Voltage Compensation on SDS Swerve with Falcons

We use SDS MK4 modules with Falcon 500 motors. Last year we did not use voltage compensation as we are learning. I think using voltage compensation on all motors that have any need to achieve or maintain a particular speed throughout the match should have voltage compensation.

I was considering using a saturation limit for voltage of 10.5 (10.5 may be too low, just pulling a number for example) for any closed loop control motor.

Most of the match driving is open loop but is closed on autonomous. In the future we may want to use, depending on the game, some closed loop drive strategies on a swerve drivetrain. It would also make testing autonomous easier as there would be less need to continually swap to fresh batteries as we wouldn’t be basing calculations on 12 volts.

So my question comes as the needed modifications for using the SDS code for voltage compensation.

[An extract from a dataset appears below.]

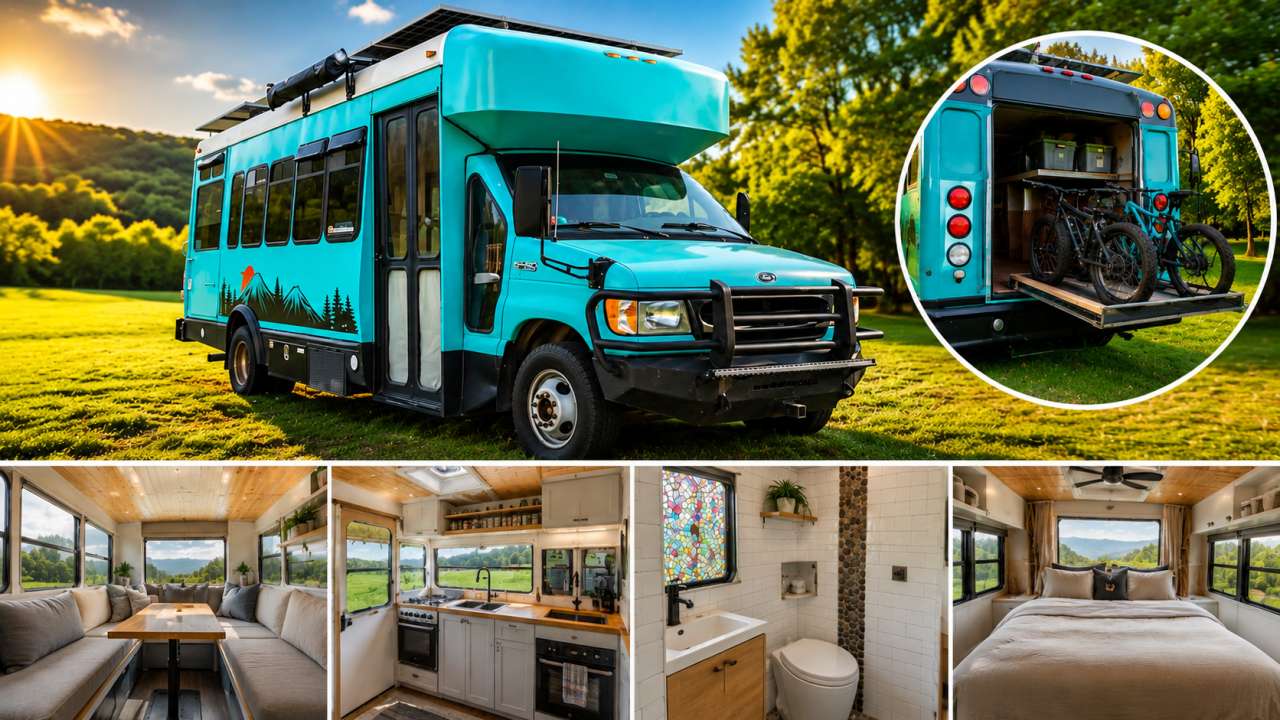 Couple Retires at 39 After Turning Old Shuttle Bus Into Stunning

I believe I have it but am mostly looking for feedback confirmation.

There are 2 constants in the SDS Template code that I think are affected.

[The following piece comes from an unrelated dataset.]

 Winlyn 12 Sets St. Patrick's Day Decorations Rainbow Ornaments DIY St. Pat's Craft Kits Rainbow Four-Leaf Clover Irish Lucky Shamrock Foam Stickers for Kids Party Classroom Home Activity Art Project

 public static final double MAX_VOLTAGE = 12.0; 
 public static final int FALCON_500_MAX_RPM = 6380;
 public static final double MAX_VELOCITY_METERS_PER_SECOND = FALCON_500_MAX_RPM / 60.0
                    * SdsModuleConfigurations.MK4_L2.getDriveReduction()
                    * SdsModuleConfigurations.MK4_L2.getWheelDiameter()
                    * Math.PI;

They are used in the feed forward calculation and max speed calculation which is in turn used for the wheel desaturation.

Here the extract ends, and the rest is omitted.